### Problem statement
The full set of entries below, restated word for word and stripped of images, is the expected result.

(Captioned web image data)
········
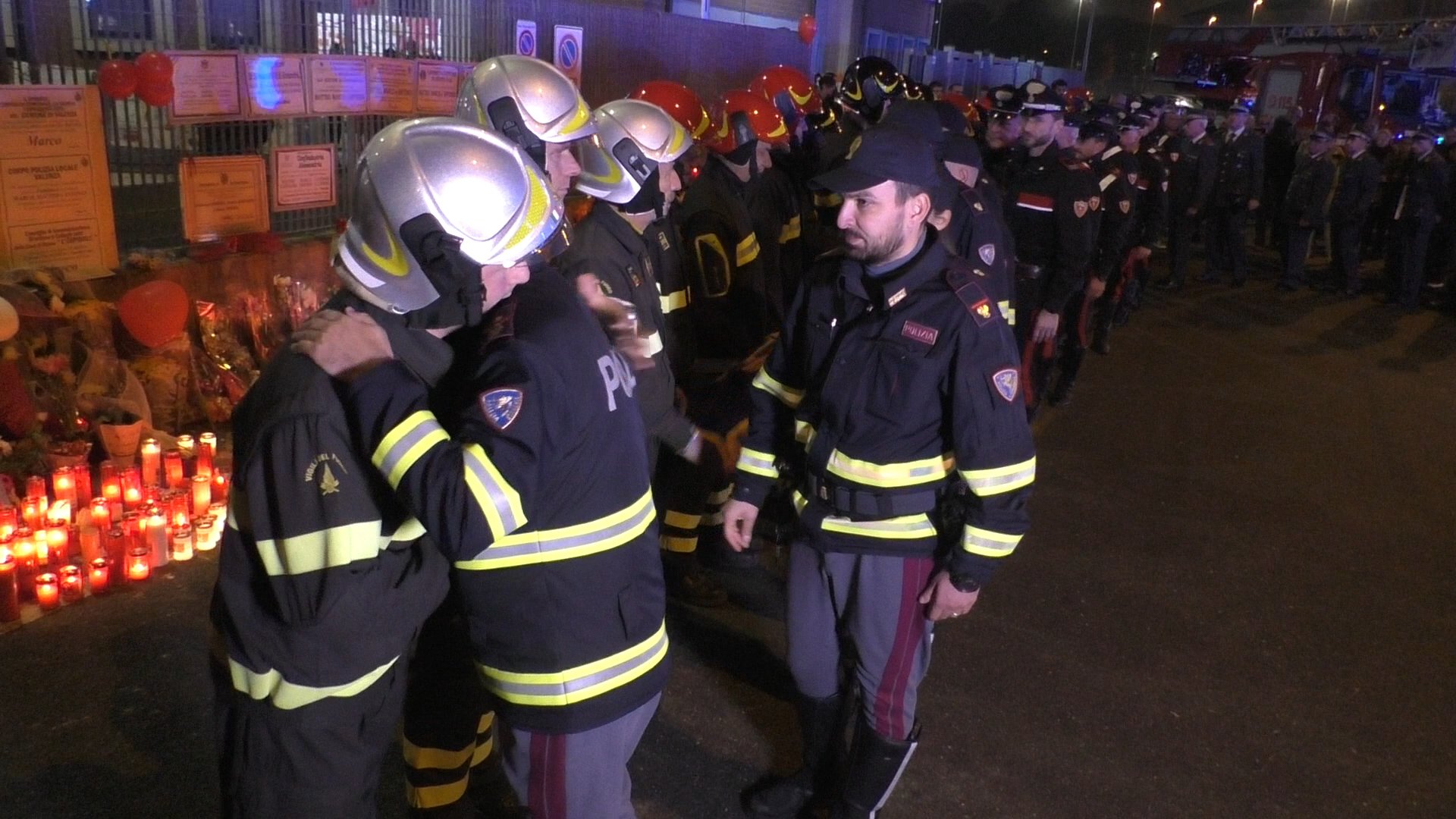 Polizia, Carabinieri e Guardia di Finanza onorano i Vigili del Fuoco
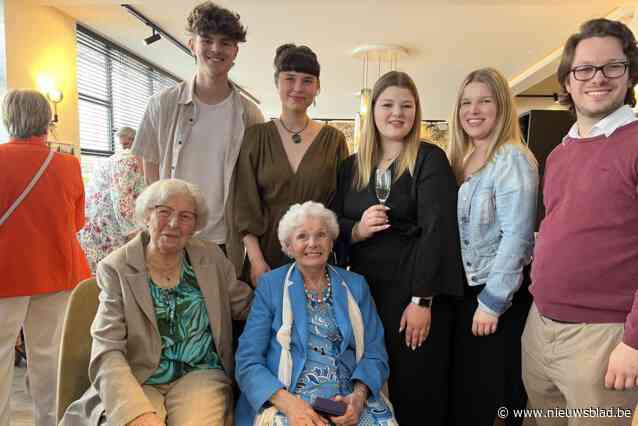‘Moeke Meylemans’ van het bekende kapsalon viert stralend haar honderdste verjaardag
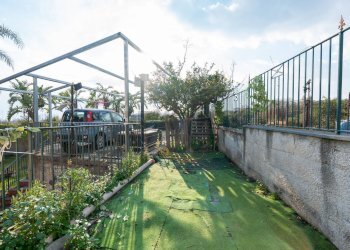 Giardino - Casa semi indipendente Via Etnea
 
423, Gravina di Catania - foto 30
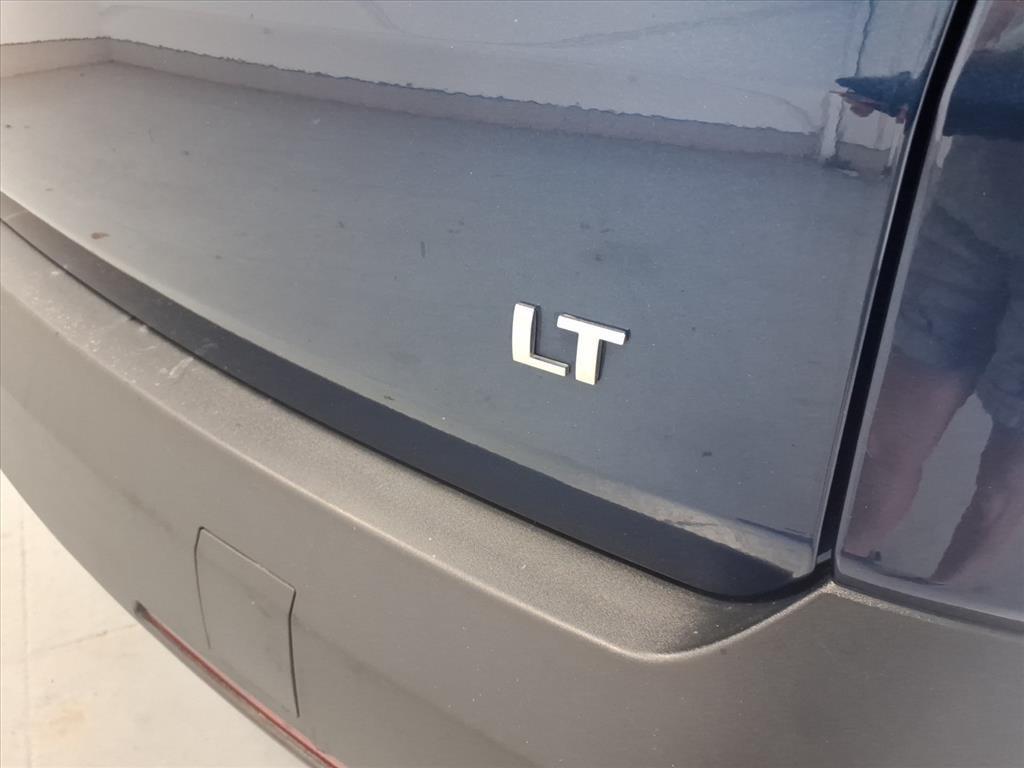 used 2023 Chevrolet Traverse car, priced at $32,299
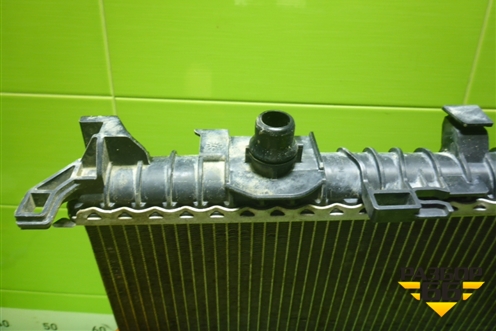 Радиатор охлаждения дополнительный (17118655757) для BMW X5 G05 с 2018г (Х5 Г05)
········
### Solution
 Polizia, Carabinieri e Guardia di Finanza onorano i Vigili del Fuoco
‘Moeke Meylemans’ van het bekende kapsalon viert stralend haar honderdste verjaardag
 Giardino - Casa semi indipendente Via Etnea
 
423, Gravina di Catania - foto 30
 used 2023 Chevrolet Traverse car, priced at $32,299
 Радиатор охлаждения дополнительный (17118655757) для BMW X5 G05 с 2018г (Х5 Г05)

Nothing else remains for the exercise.